• EXERCISE INPUTS
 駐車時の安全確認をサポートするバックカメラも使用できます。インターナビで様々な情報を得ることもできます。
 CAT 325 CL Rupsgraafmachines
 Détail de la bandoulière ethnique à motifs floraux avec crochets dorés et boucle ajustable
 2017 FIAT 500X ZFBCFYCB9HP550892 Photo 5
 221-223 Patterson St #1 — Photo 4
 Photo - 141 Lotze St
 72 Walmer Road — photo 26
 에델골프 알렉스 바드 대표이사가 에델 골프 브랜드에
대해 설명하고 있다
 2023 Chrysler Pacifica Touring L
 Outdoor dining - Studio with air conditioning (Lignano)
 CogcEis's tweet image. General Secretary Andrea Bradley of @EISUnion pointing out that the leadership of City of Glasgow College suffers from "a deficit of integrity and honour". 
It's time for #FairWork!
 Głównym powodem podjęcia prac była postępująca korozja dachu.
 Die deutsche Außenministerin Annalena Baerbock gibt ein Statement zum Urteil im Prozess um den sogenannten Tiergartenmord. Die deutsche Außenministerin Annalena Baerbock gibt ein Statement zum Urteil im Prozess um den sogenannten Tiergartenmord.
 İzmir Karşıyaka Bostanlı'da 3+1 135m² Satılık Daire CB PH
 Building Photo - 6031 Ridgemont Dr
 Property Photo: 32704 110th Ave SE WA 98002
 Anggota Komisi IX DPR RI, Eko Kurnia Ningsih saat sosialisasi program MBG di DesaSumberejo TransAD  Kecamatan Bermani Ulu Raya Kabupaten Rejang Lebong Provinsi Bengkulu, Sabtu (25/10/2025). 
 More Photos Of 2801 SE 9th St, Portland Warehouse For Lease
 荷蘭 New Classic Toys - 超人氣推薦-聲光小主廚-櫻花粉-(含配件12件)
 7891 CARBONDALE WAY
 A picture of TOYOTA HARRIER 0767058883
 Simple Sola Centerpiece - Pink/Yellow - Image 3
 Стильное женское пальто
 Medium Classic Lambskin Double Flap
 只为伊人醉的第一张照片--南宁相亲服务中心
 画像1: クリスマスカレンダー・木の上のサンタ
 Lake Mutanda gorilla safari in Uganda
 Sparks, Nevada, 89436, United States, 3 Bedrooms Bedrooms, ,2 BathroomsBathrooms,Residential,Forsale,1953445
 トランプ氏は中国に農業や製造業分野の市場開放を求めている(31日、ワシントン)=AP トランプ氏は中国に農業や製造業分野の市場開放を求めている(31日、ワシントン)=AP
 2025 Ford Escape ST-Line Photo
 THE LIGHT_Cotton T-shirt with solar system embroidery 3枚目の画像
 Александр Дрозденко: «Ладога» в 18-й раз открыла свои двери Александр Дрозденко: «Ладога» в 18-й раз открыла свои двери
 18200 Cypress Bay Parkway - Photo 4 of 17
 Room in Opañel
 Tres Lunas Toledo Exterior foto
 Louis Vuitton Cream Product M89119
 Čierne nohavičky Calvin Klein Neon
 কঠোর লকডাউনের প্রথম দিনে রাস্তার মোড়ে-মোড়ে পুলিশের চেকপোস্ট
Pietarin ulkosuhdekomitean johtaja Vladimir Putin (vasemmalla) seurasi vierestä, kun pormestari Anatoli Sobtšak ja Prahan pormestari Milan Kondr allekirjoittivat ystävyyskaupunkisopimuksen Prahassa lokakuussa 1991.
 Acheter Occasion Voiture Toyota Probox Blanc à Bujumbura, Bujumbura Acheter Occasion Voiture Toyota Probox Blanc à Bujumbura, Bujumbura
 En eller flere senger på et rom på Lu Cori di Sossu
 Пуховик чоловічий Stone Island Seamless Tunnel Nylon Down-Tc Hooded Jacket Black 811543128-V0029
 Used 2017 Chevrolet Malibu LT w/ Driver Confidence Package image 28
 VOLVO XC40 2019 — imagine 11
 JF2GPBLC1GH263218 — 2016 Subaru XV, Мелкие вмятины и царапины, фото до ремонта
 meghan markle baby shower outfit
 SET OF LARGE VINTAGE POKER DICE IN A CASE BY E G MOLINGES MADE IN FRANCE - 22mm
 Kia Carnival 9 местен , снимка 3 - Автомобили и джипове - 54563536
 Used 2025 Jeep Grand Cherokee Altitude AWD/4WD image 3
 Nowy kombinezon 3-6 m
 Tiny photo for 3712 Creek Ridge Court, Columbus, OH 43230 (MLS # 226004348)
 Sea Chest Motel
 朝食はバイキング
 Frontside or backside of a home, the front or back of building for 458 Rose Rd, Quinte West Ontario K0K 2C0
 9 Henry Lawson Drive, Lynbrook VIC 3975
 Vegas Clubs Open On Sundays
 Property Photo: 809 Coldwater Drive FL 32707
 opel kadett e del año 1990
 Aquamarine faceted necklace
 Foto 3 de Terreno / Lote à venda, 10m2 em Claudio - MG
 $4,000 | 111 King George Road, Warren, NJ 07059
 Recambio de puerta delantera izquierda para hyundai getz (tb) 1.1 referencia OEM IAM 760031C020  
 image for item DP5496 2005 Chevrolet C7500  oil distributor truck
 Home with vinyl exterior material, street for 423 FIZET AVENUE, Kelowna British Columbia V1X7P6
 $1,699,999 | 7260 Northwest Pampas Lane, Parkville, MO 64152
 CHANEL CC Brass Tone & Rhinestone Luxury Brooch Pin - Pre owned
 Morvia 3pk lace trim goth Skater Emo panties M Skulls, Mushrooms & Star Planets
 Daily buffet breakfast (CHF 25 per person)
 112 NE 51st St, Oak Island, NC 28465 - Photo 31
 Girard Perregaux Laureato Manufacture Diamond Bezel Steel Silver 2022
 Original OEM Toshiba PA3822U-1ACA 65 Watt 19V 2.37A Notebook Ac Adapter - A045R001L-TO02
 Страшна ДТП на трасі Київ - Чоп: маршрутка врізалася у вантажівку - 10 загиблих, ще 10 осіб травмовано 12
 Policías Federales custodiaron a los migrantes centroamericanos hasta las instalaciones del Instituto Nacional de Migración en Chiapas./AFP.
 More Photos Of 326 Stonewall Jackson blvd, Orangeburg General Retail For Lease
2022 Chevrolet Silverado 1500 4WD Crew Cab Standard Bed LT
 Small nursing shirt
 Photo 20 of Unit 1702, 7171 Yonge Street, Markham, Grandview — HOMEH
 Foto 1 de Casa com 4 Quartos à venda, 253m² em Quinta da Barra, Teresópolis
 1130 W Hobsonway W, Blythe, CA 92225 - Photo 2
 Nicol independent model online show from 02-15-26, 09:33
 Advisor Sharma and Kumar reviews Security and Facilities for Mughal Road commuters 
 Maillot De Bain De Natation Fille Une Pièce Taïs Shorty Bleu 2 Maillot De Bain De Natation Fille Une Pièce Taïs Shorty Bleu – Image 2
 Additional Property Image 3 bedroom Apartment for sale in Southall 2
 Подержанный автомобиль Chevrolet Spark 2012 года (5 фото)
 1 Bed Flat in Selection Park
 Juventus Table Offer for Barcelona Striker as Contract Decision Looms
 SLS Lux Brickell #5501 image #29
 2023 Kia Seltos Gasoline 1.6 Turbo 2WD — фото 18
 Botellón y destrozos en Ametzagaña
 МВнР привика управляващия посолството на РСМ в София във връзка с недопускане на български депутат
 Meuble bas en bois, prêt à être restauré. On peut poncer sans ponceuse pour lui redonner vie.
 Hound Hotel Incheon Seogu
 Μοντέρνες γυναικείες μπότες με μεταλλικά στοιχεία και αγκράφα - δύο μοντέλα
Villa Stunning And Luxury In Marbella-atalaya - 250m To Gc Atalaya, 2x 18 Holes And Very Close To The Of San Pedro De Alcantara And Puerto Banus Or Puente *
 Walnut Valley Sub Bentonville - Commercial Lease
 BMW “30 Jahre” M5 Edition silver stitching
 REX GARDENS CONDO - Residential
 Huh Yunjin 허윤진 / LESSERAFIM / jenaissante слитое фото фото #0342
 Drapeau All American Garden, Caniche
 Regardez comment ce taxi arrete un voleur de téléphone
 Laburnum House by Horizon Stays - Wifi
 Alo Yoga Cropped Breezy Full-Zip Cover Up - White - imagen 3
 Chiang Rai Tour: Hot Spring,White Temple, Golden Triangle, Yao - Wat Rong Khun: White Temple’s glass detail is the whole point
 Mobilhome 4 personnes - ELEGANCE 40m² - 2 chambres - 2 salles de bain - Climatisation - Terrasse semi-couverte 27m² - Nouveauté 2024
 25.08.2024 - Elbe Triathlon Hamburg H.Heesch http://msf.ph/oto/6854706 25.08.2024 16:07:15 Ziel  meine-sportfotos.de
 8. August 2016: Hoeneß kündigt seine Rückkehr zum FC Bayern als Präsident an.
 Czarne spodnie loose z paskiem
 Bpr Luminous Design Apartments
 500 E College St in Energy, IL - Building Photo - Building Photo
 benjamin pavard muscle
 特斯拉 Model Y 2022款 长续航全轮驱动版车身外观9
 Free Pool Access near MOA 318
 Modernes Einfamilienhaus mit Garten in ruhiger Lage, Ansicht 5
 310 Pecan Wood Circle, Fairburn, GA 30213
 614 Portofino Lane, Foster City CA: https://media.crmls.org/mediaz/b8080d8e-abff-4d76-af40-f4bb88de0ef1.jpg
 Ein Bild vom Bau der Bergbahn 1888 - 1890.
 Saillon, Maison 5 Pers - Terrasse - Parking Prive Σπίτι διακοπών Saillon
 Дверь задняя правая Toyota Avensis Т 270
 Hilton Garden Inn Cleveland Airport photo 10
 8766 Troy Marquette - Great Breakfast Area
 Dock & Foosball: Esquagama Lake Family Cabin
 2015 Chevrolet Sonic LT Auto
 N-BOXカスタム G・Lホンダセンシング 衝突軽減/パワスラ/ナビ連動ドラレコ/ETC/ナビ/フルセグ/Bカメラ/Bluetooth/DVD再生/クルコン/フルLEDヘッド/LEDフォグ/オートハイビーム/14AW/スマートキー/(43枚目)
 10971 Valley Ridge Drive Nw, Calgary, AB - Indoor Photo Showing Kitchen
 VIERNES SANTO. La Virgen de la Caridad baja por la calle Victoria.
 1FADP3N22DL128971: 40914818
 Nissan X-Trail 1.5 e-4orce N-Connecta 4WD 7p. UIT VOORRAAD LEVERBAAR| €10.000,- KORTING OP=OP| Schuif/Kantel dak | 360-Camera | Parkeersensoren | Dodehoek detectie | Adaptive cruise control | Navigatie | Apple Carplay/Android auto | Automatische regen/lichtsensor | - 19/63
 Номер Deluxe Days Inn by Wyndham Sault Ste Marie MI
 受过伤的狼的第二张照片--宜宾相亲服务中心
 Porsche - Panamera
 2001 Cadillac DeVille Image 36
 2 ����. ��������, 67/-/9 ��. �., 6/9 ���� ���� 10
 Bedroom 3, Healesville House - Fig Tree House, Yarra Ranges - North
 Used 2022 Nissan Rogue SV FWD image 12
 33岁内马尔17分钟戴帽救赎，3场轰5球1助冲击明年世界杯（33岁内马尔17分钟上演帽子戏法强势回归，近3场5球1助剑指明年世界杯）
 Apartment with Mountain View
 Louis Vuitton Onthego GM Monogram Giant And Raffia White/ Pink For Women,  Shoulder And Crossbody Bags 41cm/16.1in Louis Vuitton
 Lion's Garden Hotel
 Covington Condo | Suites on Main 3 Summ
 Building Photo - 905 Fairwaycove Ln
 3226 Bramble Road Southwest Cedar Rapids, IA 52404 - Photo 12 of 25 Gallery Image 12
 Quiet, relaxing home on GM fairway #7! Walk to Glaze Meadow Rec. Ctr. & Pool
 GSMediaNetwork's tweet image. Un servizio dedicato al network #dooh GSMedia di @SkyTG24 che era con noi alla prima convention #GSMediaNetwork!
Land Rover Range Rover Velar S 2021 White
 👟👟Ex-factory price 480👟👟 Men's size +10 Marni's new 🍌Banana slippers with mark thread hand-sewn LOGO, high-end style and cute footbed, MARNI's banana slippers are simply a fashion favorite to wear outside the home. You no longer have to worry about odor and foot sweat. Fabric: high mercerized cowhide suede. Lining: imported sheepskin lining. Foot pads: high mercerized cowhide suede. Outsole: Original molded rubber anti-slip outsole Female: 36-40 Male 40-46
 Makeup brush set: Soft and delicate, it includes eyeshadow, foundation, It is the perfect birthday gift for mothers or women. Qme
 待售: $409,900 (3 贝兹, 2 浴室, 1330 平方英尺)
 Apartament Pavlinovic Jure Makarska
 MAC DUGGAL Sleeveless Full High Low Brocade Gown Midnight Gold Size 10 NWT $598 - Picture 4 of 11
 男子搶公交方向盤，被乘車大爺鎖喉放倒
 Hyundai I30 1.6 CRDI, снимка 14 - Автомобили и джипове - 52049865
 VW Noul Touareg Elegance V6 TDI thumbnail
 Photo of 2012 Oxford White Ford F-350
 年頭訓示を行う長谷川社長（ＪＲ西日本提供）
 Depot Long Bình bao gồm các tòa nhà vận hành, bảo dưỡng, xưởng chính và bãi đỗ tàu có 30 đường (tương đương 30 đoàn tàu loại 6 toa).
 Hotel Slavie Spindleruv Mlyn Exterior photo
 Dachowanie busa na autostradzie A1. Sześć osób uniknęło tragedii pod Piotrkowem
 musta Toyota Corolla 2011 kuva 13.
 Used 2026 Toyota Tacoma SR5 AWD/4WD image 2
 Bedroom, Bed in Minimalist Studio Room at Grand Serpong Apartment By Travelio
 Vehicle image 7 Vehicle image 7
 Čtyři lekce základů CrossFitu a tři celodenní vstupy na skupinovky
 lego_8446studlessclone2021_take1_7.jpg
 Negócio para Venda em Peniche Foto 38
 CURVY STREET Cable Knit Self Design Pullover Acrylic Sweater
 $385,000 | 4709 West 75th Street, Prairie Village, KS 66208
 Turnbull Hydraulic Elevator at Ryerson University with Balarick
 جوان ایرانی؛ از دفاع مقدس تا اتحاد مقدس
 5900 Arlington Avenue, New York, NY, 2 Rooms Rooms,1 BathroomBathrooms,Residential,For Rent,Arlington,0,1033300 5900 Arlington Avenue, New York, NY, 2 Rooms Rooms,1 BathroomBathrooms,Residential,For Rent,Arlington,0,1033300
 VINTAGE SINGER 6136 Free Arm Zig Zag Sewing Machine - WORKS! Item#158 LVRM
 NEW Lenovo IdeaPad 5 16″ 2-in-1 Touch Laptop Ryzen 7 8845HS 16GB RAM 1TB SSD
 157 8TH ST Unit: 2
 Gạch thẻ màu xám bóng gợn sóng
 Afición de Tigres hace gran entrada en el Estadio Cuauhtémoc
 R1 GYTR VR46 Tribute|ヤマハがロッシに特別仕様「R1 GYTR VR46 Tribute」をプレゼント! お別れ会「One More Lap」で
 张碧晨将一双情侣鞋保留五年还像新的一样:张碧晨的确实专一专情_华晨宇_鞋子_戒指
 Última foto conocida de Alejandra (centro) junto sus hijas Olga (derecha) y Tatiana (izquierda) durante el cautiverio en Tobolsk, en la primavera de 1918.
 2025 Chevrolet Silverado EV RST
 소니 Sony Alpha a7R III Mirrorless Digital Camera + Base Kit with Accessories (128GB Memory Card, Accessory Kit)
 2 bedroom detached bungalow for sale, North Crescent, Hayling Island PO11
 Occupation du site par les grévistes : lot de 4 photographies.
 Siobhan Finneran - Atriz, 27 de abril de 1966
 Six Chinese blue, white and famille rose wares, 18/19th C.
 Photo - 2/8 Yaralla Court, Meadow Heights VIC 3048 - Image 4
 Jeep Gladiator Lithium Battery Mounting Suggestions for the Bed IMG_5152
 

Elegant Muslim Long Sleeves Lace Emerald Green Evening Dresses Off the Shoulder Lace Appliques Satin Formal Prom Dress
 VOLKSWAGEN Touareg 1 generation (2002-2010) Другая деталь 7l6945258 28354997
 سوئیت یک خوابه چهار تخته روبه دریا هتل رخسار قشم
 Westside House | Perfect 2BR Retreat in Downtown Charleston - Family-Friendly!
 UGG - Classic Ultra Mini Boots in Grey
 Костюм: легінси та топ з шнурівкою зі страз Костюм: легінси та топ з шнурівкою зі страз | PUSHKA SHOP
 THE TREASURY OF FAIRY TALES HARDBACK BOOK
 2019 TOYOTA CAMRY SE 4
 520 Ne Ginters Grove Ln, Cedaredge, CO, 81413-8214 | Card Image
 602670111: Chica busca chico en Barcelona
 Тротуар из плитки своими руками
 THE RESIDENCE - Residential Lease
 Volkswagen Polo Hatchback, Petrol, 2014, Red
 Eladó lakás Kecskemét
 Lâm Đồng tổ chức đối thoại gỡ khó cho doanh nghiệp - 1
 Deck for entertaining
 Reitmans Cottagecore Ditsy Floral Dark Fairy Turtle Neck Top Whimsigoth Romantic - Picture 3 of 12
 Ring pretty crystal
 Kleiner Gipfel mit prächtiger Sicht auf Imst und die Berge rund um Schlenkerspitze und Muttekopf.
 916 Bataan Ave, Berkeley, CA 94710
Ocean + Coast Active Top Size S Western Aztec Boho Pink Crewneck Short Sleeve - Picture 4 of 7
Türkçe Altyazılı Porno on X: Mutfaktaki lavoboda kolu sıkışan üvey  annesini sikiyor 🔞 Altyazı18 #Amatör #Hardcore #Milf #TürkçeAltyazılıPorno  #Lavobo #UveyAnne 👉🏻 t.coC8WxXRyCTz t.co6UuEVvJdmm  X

• DIRECTIONS FOR THIS TASK
Return all lines in the data that include the word "tweet".

• EXERCISE RESPONSE
 CogcEis's tweet image. General Secretary Andrea Bradley of @EISUnion pointing out that the leadership of City of Glasgow College suffers from "a deficit of integrity and honour". 
 GSMediaNetwork's tweet image. Un servizio dedicato al network #dooh GSMedia di @SkyTG24 che era con noi alla prima convention #GSMediaNetwork!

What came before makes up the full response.